# Background

Simple NN using pyTorch:
    * Classification problem (binary),
    * Based on features like: age, sex, education, marital status, workclass etc. needs to predict whether persons'income  
    is higher or lower than 50k.

In [19]:
import torch
import torch.nn as nn
import torch.nn.functional as F
import skorch

import numpy as np
import pandas as pd

import matplotlib.pyplot as plt
%matplotlib inline

# DF import

In [20]:
df = pd.read_csv('income.csv')

In [21]:
df.head()

Unnamed: 0,age,sex,education,education-num,marital-status,workclass,occupation,hours-per-week,income,label
0,27,Male,HS-grad,9,Never-married,Private,Craft-repair,40,<=50K,0
1,47,Male,Masters,14,Married,Local-gov,Exec-managerial,50,>50K,1
2,59,Male,HS-grad,9,Divorced,Self-emp,Prof-specialty,20,<=50K,0
3,38,Female,Prof-school,15,Never-married,Federal-gov,Prof-specialty,57,>50K,1
4,64,Female,11th,7,Widowed,Private,Farming-fishing,40,<=50K,0


In [22]:
df['label'].value_counts()

0    21700
1     8300
Name: label, dtype: int64

In [23]:
cat_cols = ['sex', 'education-num', 'marital-status', 'workclass', 'occupation']
num_cols = ['age', 'hours-per-week']
y_col = ['label']

# Standarizing numerical variables

In [24]:
from sklearn.preprocessing import StandardScaler, OneHotEncoder
from sklearn.model_selection import train_test_split

In [25]:
X_train, X_test, y_train, y_test = train_test_split(
    df[cat_cols+num_cols], df[y_col], test_size=.2)

In [26]:
scaler = StandardScaler()
X_train[num_cols] = scaler.fit_transform(X_train[num_cols])
X_test[num_cols] = scaler.transform(X_test[num_cols])

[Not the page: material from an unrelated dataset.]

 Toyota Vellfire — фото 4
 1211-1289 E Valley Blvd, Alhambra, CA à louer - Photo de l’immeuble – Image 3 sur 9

# Encoding categorical variables

In [27]:
encoder = OneHotEncoder(sparse=False, drop='first')

In [28]:
train_encoded = pd.DataFrame(encoder.fit_transform(X_train[cat_cols]), columns=encoder.get_feature_names(cat_cols))
X_train = pd.concat([X_train.reset_index(drop=True), train_encoded], axis=1).drop(columns=cat_cols)

In [29]:
test_encoded = pd.DataFrame(encoder.transform(X_test[cat_cols]), columns=encoder.get_feature_names(cat_cols))
X_test = pd.concat([X_test.reset_index(drop=True), test_encoded], axis=1).drop(columns=cat_cols)

# Changing DF to tensors (using GPU)

In [31]:
X_train_torch = torch.tensor(X_train.values,dtype=torch.float)
X_test_torch = torch.tensor(X_test.values,dtype=torch.float)

y_train_torch = torch.tensor(y_train.values).flatten()
y_test_torch = torch.tensor(y_test.values).flatten()

# Simple neural network

This neural network contains 2 hidden layers - both are fully connected and their activation function is ReLU. 1st hidden layer contains 240 neurons and 2nd - 200.  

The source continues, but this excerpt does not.